Atas kedua pembagian itu, Abdullah
Nasih Ulwan berpendapat bahwa pada mukhayar, manusia dikenai hukum
taklif dan dimintai pertanggung jawaban atas perbuatannya. Sedangkan pada musayyar,
tidak.
Tanggapan
Terhadap Pernyataan “Ini Adalah Takdir Allah”
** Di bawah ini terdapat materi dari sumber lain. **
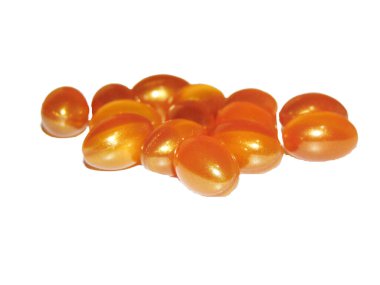 Royal Jelly capsules isolated on white background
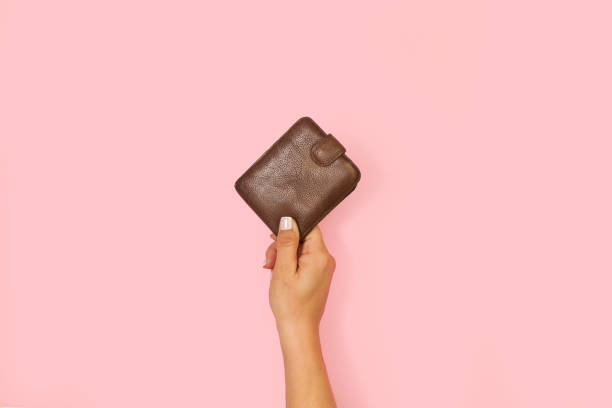 istock Woman hand holding a leather wallet on a pink background 1392197319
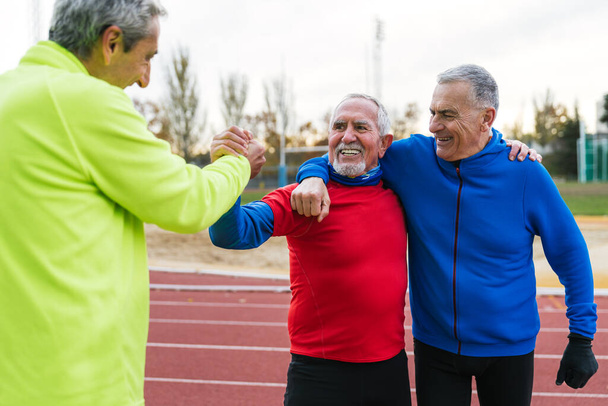 Tres alegres hombres mayores en ropa deportiva celebran la compañía en una pista de atletismo, abrazando y estrechando las manos después de un trote. - Foto, Imagen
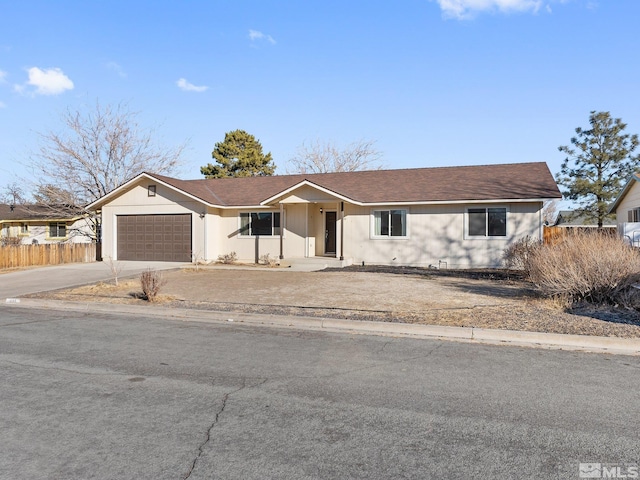 ranch-style home featuring a garage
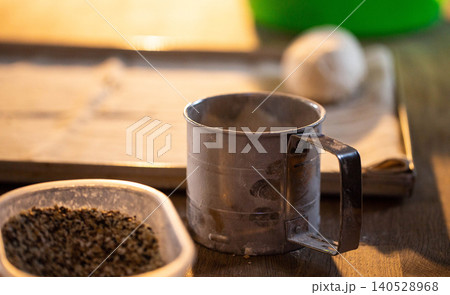 Metal flour sifter covered in white powder on wooden countertop with dough ball and plastic container of spices in soft light kitchen setting preparation for baking Metal flour sifter covered in white powder on wooden countertop with dough ball and plastic container of spices in soft light kitchen setting preparation for baking 140528968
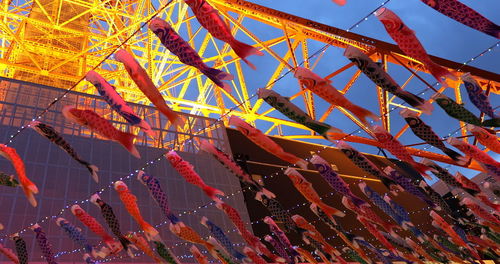 Low angle view of multi colored umbrellas hanging against sky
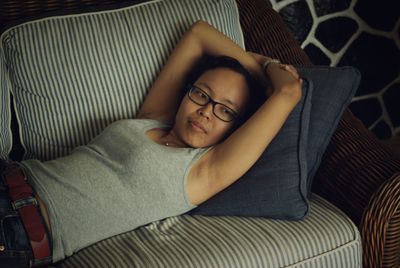 High angle view of young woman lying on sofa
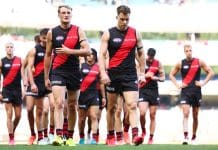 MELBOURNE, AUSTRALIA - MARCH 22: Mason Redman and Zach Merrett of the Bombers walk from the field following the round two AFL match between Essendon Bombers and Adelaide Crows at Melbourne Cricket Ground, on March 22, 2025, in Melbourne, Australia. (Photo by Morgan Hancock/AFL Photos/via Getty Images)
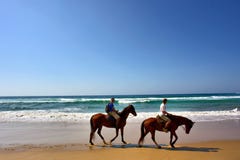 Couple Of Horse Riders On Beach Stock Photo Couple Of Horse Riders On Beach Stock Photo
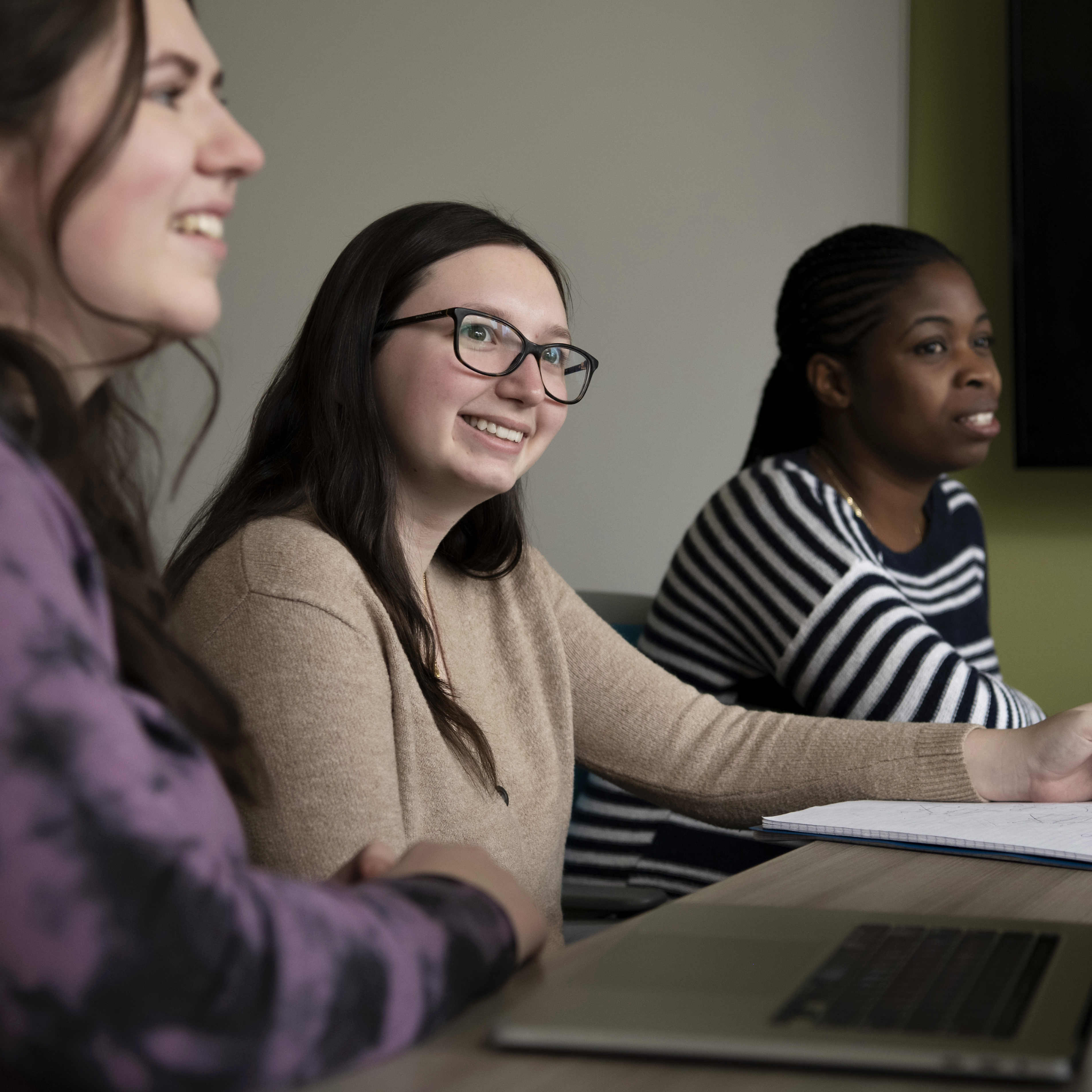 Graduate students, seated around a table with their laptops, smile and focus in a Drake classroom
Hemat saya, jika pernyataan tersebut
dipandang dalam kajian teologis, maka tentulah sah dan benar. Muhammad ibn
Ibrahim al-Hamd dalam bukunya al-Iman bi al-Qadla wa al-Qadr (Kupas
Tuntas Masalah Takdir, terj), menjelaskan bahwa berdalih dengan “takdir” pada
saat musibah itu diizinkan. Hal ini untuk menunjukkan keikhlasan dan ketabahan
atas musibah yang telah menimpa.
Allah swt. berfirman:
وَلَنَبْلُوَنَّكُمْ بِشَيْءٍ مِّنَ الْخَوْفِ وَالْجُوْعِ وَنَقْصٍ
مِّنَ الْاَمْوَالِ وَالْاَنْفُسِ وَالثَّمَرٰتِۗ وَبَشِّرِ الصّٰبِرِيْنَ ١٥٥
اَلَّذِيْنَ اِذَآ اَصَابَتْهُمْ مُّصِيْبَةٌۗ قَالُوْٓا اِنَّا لِلّٰهِ
وَاِنَّآ اِلَيْهِ رٰجِعُوْنَۗ ١٥٦
“Kami pasti akan mengujimu dengan
sedikit ketakutan dan kelaparan, kekurangan harta, jiwa, dan buah-buahan. Dan sampaikanlah
(wahai Muhammad) kabar gembira kepada orang-orang sabar. Yaitu orang-orang yang
apabila ditimpa musibah, mereka mengucapkan “Innā lillāhi wa innā ilaihi
rāji‘ūn” (sesungguhnya kami adalah milik Allah dan sesungguhnya hanya
kepada-Nya kami akan kembali).”
Namun, di sisi lain, jika pertanyaan
itu dipandang lebih luas lagi, hal ini bermakna bahwa Allah seakan-akan
menimpakan musibah demikian tanpa sebab yang melatarbelakanginya. Padahal dalam
proses pembangunannya terdapat kelalaian yang menjadi sebab utama dari musibah
tersebut.
Mengutip dari The Conservation,
bahwa dalam tragedi ambruknya bangunan tersebut, terdapat masalah pada sistem
perizinan pembangunan, sistem pengawasan, dan sistem perlindungan pekerja
kontruksi.
Dengan demikian, musibah tersebut tidak dapat sepenuhnya ditengadahkan ke langit, melainkan juga harus menjadi autokritik kepada individu yang terlibat. Dan pernyataan “takdir” tersebut bisa jadi merupakan alasan apologetis dan seakan-akan bermaksud “cuci tangan”.